20/04/2017 – FRANCE (NOVOpress) : « On connaît nos classiques : la “drôle de guerre“ est suivie de la “guerre éclair“ », a expliqué ce matin Eric Zemmour sur RTL : « D’abord, on s’enlise dans une situation de “ni guerre ni paix“ qui épuise les nerfs et les volontés. Puis, soudain, c’est l’offensive meurtrière et mort aux vaincus. Depuis des mois, c’était une drôle de campagne : pas vraiment d’affrontements, pas vraiment de débats, pas vraiment de polémiques. On s’évite, on s’ignore, on se neutralise, on fait de la morale, pas de la politique. Faites la com’, pas la guerre. […] Ce n’était pas une campagne présidentielle, mais un concours de patinage artistique. »
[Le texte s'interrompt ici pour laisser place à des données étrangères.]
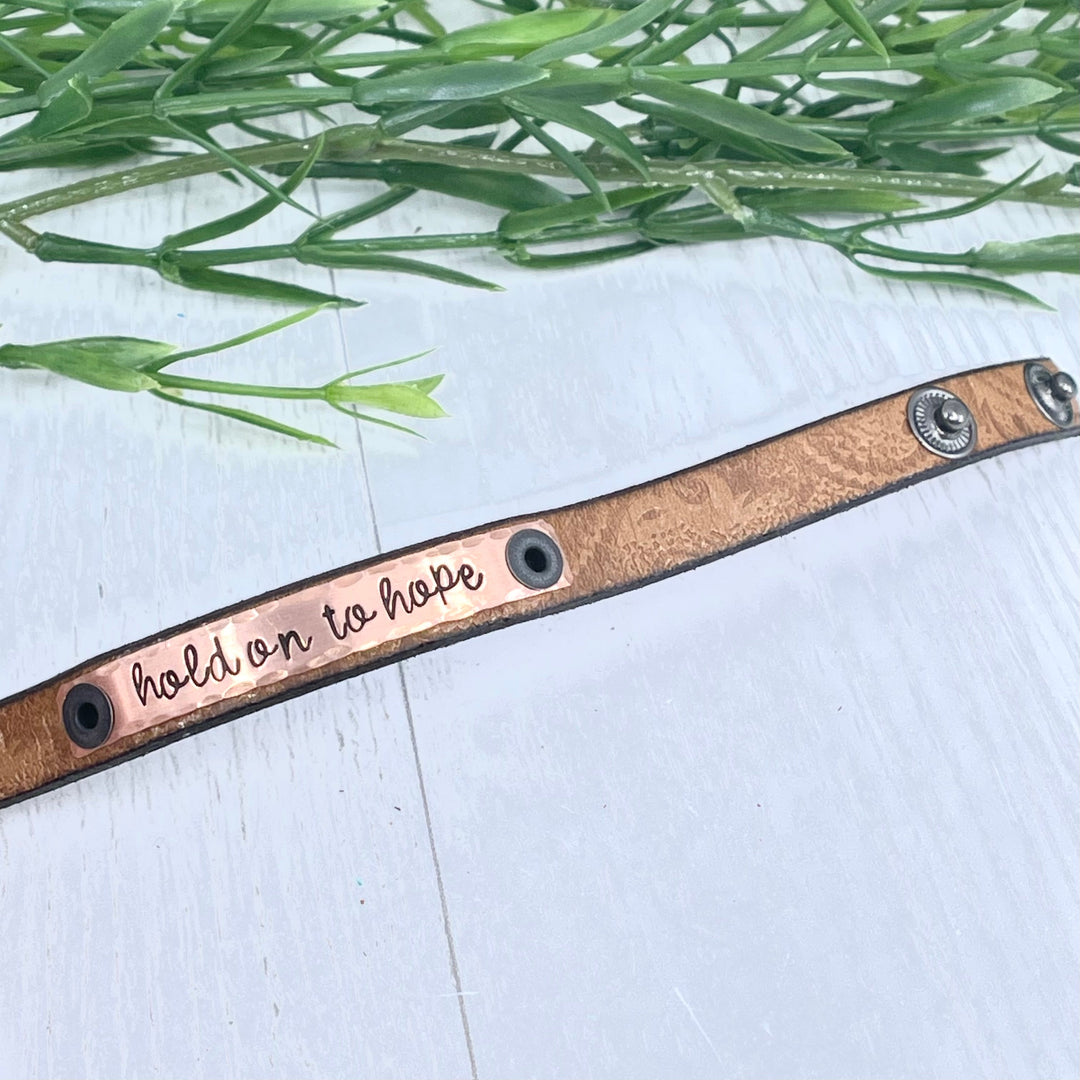 Hold on to Hope Embossed Tan Leather Bracelet, adjustable Skinny Bracelets Create Hope Cuffs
« Et soudain, observe Zemmour, tout s’emballe. On tire de tous les côtés. On parle vraiment de la France, de son devenir, de son identité, de son peuple. On parle vraiment des sujets qui fâchent, on sort du corset étouffant de l’économisme » :

« Les menaces d’attentat donnent une intensité nouvelle au climat. Jusqu’à présent, aucun candidat ne savait exactement de quoi parler car il ne savait pas exactement qui était son adversaire. Cette période est révolue, chacun a trouvé son adversaire. La politique, c’est d’abord la désignation d’un ennemi, eux et nous. »

A trois jours du premier tour, qu’observe-t-on ?

« Hamon est mort et il le sait. Mélenchon a peur de gagner. Débordé par sa base, il est en train de renoncer, dans la panique, à la sortie de l’euro. Dans les meetings de Le Pen, on crie de nouveau : “On est chez nous“. Dans ceux de Macron, on crie désormais : “Et en même temps“. Fillon cesse enfin de parler du déficit et de la dette pour évoquer les racines chrétiennes de la France. Il a enfin compris que l’élection se jouait à droite et pas au centre. Macron dénonce les catholiques de Sens commun qui sont chez Fillon pour mieux cacher Mohamed Saou, l’ami des Frères musulmans qui est chez lui. Autour de SOS Racisme et de Bernard-Henri Lévy, on tente de rejouer les années 1980 pour lancer le combat anti-Le Pen. Mais la petite main jaune ne se vend plus guère. »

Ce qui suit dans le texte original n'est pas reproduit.